**Aim of the task**:
Some lines in the listing below may include the string "want". How many are there? Give only the number.

**The data**:
◆ ◆ ◆ ◆ ◆ ◆ ◆

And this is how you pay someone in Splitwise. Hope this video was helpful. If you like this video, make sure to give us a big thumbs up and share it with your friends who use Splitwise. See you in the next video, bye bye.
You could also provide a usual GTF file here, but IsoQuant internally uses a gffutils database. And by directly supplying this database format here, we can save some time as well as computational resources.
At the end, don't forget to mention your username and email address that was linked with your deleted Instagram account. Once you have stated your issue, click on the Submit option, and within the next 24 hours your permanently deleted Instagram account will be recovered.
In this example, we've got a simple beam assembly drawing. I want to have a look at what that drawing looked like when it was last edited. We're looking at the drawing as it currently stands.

◆ ◆ ◆ ◆ ◆ ◆ ◆

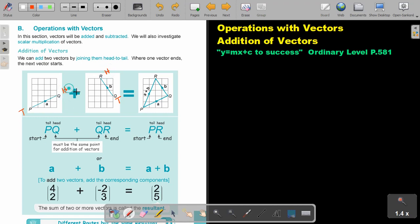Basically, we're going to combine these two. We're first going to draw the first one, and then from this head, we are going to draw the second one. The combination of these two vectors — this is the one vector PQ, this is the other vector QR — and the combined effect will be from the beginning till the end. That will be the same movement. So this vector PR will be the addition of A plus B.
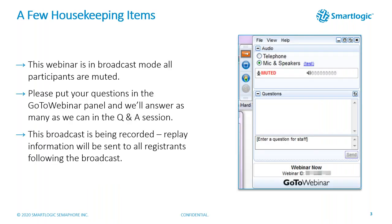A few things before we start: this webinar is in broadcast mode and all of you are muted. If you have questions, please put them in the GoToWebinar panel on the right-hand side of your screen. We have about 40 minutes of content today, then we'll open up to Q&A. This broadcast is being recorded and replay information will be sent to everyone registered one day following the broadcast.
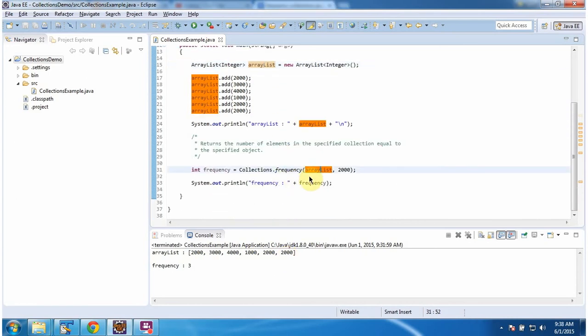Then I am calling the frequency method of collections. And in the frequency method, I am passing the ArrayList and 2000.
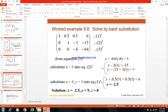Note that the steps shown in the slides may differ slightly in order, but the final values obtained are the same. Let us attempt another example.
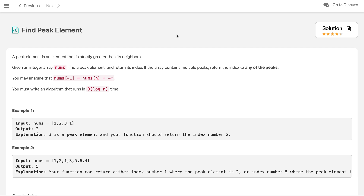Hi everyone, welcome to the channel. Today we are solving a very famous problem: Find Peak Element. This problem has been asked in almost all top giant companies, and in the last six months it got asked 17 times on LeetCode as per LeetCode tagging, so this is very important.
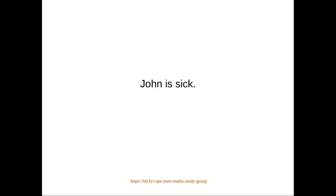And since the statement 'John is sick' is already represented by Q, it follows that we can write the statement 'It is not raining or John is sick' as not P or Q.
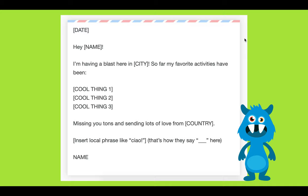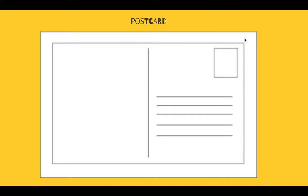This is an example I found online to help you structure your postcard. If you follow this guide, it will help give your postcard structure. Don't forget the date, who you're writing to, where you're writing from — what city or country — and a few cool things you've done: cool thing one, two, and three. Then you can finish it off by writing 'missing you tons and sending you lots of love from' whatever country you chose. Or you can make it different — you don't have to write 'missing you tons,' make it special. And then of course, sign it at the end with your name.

◆ ◆ ◆ ◆ ◆ ◆ ◆

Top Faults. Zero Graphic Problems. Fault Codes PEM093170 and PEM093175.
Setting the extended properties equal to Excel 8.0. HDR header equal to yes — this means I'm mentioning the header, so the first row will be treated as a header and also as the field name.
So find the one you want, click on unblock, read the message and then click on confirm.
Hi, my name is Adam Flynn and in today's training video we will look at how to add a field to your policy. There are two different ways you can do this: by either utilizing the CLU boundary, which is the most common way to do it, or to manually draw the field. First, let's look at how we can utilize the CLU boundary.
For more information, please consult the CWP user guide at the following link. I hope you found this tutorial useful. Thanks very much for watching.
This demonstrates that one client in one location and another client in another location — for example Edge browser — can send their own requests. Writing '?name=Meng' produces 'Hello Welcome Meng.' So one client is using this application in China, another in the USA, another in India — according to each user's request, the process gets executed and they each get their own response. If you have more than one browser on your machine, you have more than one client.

◆ ◆ ◆ ◆ ◆ ◆ ◆

**The completed task**:
2